- Supplied records:
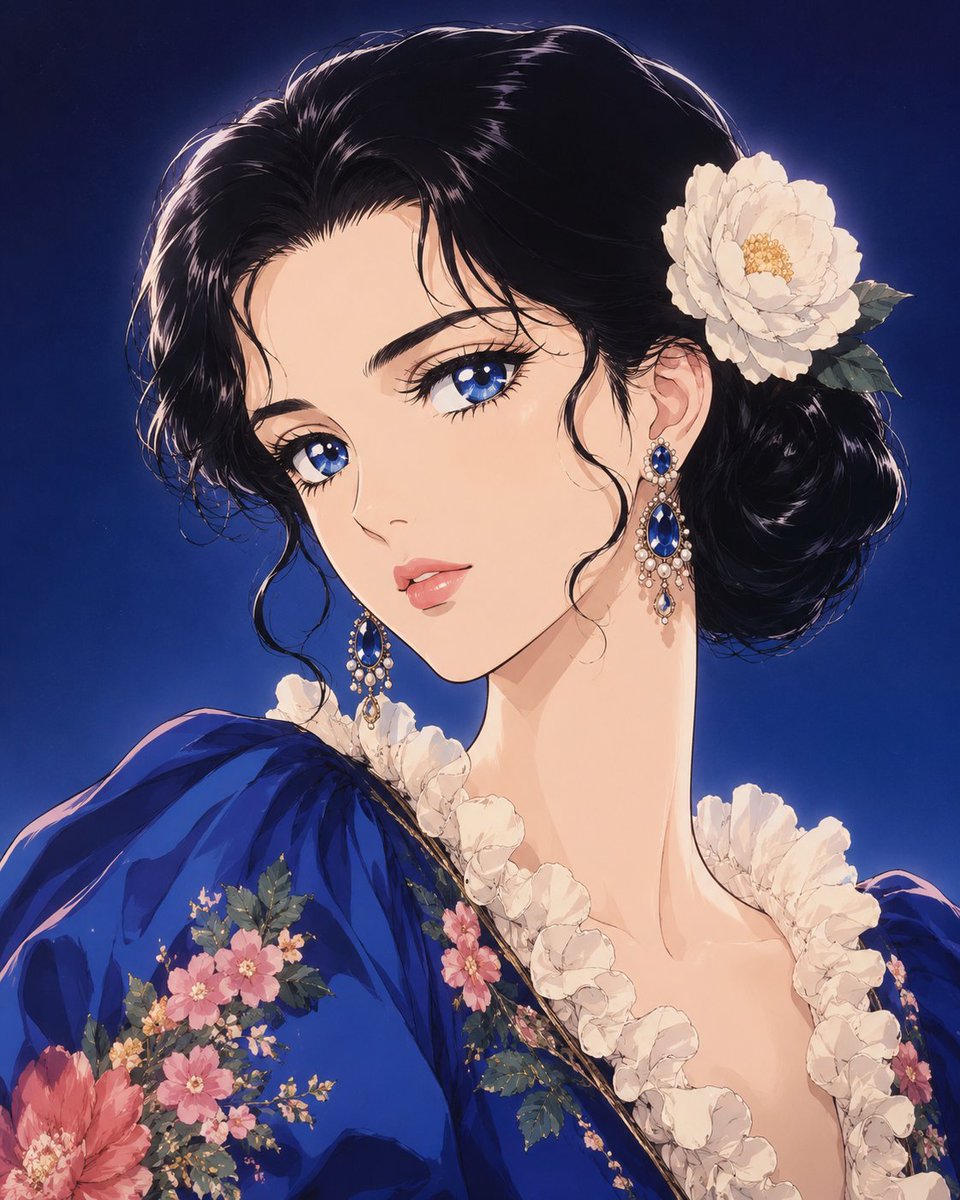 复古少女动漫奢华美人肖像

* * *

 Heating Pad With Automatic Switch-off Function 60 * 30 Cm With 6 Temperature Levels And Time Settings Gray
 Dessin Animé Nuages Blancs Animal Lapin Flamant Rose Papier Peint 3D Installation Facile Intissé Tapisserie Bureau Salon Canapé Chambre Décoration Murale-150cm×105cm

...

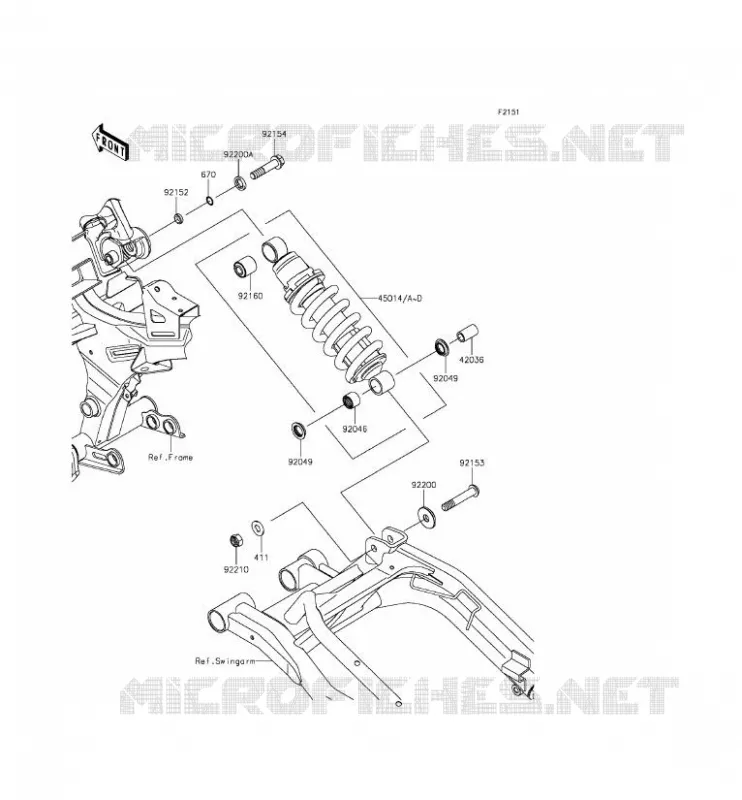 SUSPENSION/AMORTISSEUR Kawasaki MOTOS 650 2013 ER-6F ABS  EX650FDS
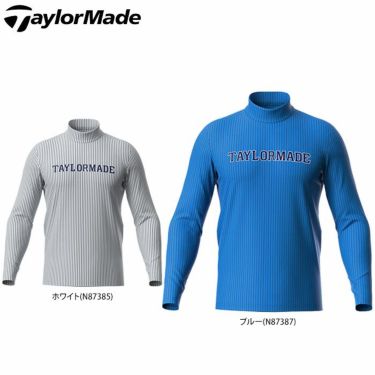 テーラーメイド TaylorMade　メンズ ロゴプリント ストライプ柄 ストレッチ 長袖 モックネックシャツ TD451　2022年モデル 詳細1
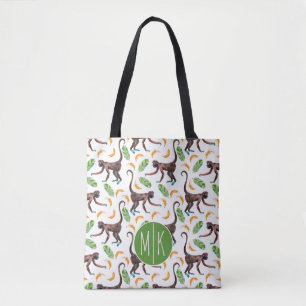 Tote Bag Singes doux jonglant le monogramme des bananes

- The problem:
From the material above, retype precisely the lines between the line holding "Heating Pad With" and the line holding "Dessin Animé Nuages", inclusive, and nothing beyond them.

- Your response:
 Heating Pad With Automatic Switch-off Function 60 * 30 Cm With 6 Temperature Levels And Time Settings Gray
 Dessin Animé Nuages Blancs Animal Lapin Flamant Rose Papier Peint 3D Installation Facile Intissé Tapisserie Bureau Salon Canapé Chambre Décoration Murale-150cm×105cm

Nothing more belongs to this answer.